[WHAT YOU ARE ASKED TO DO] The required output is the lines from the one with "20251023 180722671 IOS" through the end of the data, repeated verbatim, with no pictures included.

Scraped caption text data:
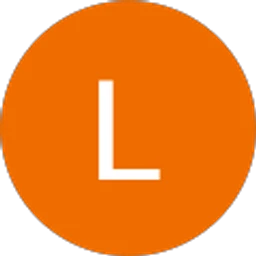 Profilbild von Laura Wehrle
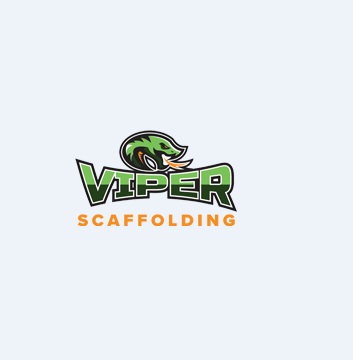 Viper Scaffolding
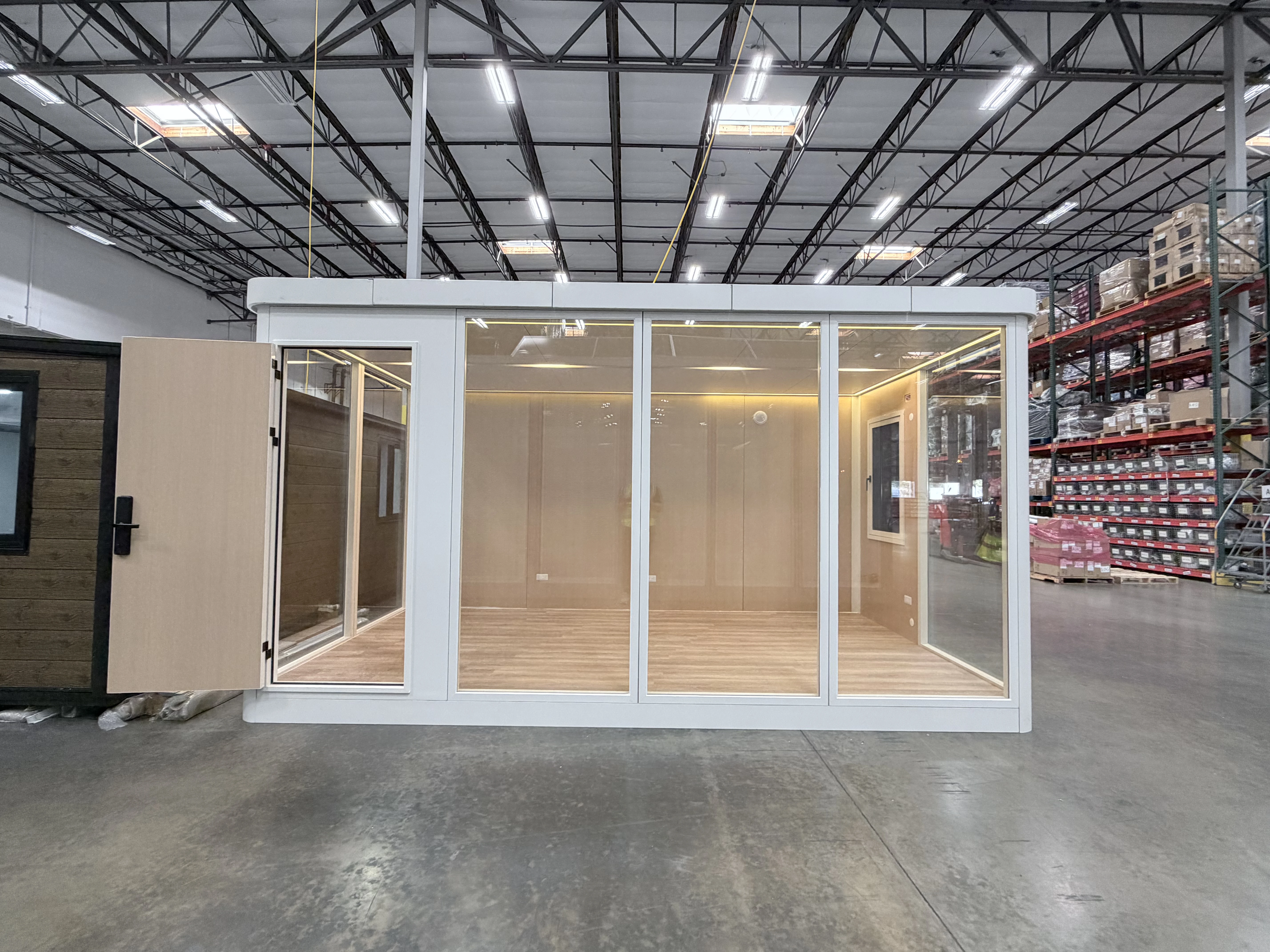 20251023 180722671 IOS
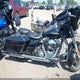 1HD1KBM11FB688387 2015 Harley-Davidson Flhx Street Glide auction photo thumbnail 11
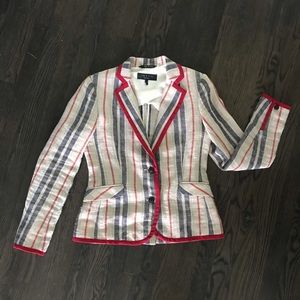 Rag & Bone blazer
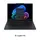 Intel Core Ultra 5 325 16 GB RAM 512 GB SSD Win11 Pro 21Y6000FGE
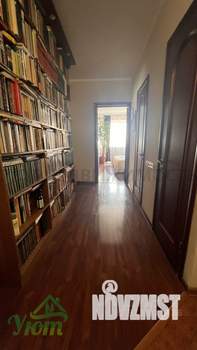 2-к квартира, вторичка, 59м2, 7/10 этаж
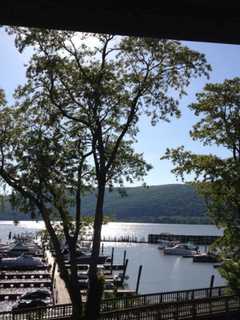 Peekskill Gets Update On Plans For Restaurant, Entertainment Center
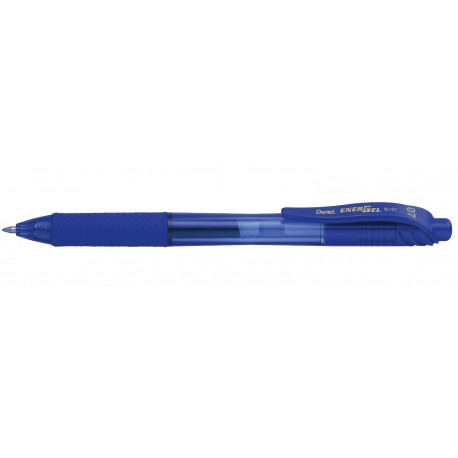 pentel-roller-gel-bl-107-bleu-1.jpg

[TASK RESULT]
 20251023 180722671 IOS
 1HD1KBM11FB688387 2015 Harley-Davidson Flhx Street Glide auction photo thumbnail 11
 Rag & Bone blazer
 Intel Core Ultra 5 325 16 GB RAM 512 GB SSD Win11 Pro 21Y6000FGE
 2-к квартира, вторичка, 59м2, 7/10 этаж
 Peekskill Gets Update On Plans For Restaurant, Entertainment Center
 pentel-roller-gel-bl-107-bleu-1.jpg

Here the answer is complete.